Dataset entries:
◆ ◆ ◆ ◆ ◆

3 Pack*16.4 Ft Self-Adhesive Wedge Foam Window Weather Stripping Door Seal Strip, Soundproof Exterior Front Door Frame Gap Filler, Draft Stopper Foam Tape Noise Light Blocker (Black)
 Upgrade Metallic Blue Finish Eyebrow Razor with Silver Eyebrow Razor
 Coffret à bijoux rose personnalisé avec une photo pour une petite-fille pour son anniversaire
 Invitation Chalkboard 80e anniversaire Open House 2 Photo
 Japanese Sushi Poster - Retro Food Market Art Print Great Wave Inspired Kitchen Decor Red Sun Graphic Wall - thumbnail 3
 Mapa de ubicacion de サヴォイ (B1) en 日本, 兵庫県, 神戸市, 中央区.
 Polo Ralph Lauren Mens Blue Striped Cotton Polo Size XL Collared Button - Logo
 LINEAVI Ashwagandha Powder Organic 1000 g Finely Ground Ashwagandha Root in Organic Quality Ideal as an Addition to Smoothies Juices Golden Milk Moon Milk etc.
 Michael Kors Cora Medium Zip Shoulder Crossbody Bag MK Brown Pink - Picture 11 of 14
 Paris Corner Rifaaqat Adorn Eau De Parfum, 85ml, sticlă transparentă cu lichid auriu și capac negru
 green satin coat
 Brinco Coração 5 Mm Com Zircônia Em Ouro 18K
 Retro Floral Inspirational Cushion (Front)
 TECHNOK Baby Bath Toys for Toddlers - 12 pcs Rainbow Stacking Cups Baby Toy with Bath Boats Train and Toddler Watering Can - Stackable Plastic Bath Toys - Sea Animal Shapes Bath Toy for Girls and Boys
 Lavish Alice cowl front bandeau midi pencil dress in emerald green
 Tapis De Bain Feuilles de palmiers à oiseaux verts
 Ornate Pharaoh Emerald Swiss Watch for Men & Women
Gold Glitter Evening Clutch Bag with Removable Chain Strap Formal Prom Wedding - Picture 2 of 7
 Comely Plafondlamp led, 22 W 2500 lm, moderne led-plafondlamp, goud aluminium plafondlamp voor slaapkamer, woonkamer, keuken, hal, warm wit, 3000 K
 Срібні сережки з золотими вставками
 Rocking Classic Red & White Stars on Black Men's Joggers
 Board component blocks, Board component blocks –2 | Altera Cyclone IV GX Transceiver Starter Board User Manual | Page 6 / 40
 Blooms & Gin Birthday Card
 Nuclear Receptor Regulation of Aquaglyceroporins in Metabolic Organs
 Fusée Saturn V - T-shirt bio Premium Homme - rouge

◆ ◆ ◆ ◆ ◆

**TASK TO COMPLETE:** In exact wording, restate the lines of the data above from the first through the one holding "Mapa de ubicacion", and stop after that line.

**FINAL ANSWER:**
3 Pack*16.4 Ft Self-Adhesive Wedge Foam Window Weather Stripping Door Seal Strip, Soundproof Exterior Front Door Frame Gap Filler, Draft Stopper Foam Tape Noise Light Blocker (Black)
 Upgrade Metallic Blue Finish Eyebrow Razor with Silver Eyebrow Razor
 Coffret à bijoux rose personnalisé avec une photo pour une petite-fille pour son anniversaire
 Invitation Chalkboard 80e anniversaire Open House 2 Photo
 Japanese Sushi Poster - Retro Food Market Art Print Great Wave Inspired Kitchen Decor Red Sun Graphic Wall - thumbnail 3
 Mapa de ubicacion de サヴォイ (B1) en 日本, 兵庫県, 神戸市, 中央区.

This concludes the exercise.